Now, for Atlanta, the deal truly feels like a precursor. Earlier, I characterized the deal as Vizcaino for La Stella, but there’s actually more to it. To balance the scales, Chicago also sent several slot allotments for signing international free agents to the Braves.

Let me unpack that for you. Under the Collective Bargaining Agreement signed after 2011, draconian rules govern teams who want to spend money on Latin American teenagers, supplementing their drafts with another major pipeline of young talent. Hard caps are in place, and the penalties for surpassing the total expenditure allowed are harsh. (The right to spend is parceled out according to record, meaning the Cubs got more to spend than all but three teams this cycle, which runs through June 15.)

The Cubs blew by their limits during the cycle that ran from July 2, 2013 through June 15, 2014. For that crime, their sentence is that they will not be allowed to spend more than $250,000 on any one player during this cycle. It’s a stupid, anti-competitive rule set, but those are the breaks. Chicago technically has the right to spend just as much as they would otherwise, but without the ability to chase top-end talent in that market, there’s no good way to spend it all.
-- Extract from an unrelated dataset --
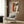 May include: Framed Picasso-style cubist poster with geometric face in orange, beige, and brown tones hanging on wood-paneled wall above cream upholstered armchair with geometric pillow. Modern floor lamp with brass finish and circular base stands nearby next to dark round side table with open book. Warm neutral interior with curtained window.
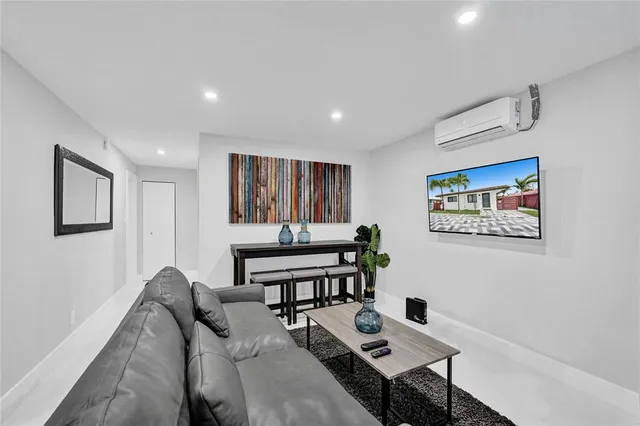 a view of a livingroom with furniture and window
Therefore, Chicago sent Atlanta about $800,000—a little more—in what we could call Right to Spend. It’s not actual money, just the right to spend one’s money on international free agents. Atlanta was one of the teams most heavily interested, and most notably present, at the recent workout of Cuban 19-year-old (and hot commodity) Yoan Moncada.

Teams are clamoring for Moncada, who should break the record for total financial commitment to an amateur, though about half will be paid in overage taxes for going over the limit MLB has in place. If Atlanta is going to seriously pursue him, they needed this extra flexibility. Their corporate owners give them an inflexible budget, and don’t make special allowances for special cases like this one. Not only might Vizcaino facilitate a trade from Atlanta’s bullpen corps, but this added cap room might allow them to land a true star. If so, it’s well worth their trouble. If not, the Braves gave up a nice little player for an injury-riddled reliever.